In any case, it is not true that criminal behaviour is caused by heroin addiction. On the contrary, in so far as there is a causative relationship between crime and addiction, it is that a tendency to criminality causes addiction, not the other way around.
The great majority of addicts who end up in prison have long criminal records before they ever took heroin, so their criminality cannot be accounted for by their addiction. And this is a finding that dates back many years.

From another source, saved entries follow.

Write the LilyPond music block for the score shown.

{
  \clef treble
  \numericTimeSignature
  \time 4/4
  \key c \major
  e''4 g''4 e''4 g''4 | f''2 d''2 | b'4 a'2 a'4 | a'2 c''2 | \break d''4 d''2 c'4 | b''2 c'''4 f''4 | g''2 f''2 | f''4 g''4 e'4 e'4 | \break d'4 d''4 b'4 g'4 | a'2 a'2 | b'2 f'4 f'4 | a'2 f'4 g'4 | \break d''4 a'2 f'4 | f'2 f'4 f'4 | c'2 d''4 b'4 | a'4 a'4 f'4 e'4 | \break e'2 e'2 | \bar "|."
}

It is dangerous nonsense to suggest that people cannot give up heroin, or any other opiate, without medical assistance. Thousands of American soldiers returning from Vietnam, where they addicted themselves to heroin, did so; and Mao Zedong was the greatest drug therapist in history. He got at least 20 million people off opium by threatening, ultimately, to shoot them if they did not stop. When Mao threatened to shoot someone, it was usually a credible threat, so those millions stopped.
It would not have made sense to threaten to shoot people suffering from, say, rheumatoid arthritis, if they did not get better. This suggests that there is a conceptual difference between addiction to opiates and real illness.
A recent outbreak of fentanyl poisoning among heroin addicts in Midwest America (fentanyl is an opiate many times stronger than heroin), that has killed hundreds, has been explained by the fact that the “rush” that fentanyl gives them is so strong: that is to say, they like it very much. It is a question why so many people are so attracted to a fool’s paradise, but it is not a medical question, nor does it have a medical answer.
Why do people persist in believing obvious nonsense about heroin and opiate addiction? I think it is because of an extremely strong literary tradition, starting with two English romantics in the first part of the 19th century, Coleridge and De Quincey. Both were first-class self-dramatisers and self-pitiers, and their accounts of the pleasures and pains of opium have been accepted uncritically ever since, and reproduced down to Trainspotting and beyond. So Winehouse and Fielder-Civil are, in the last analysis, victims of Coleridge and De Quincey.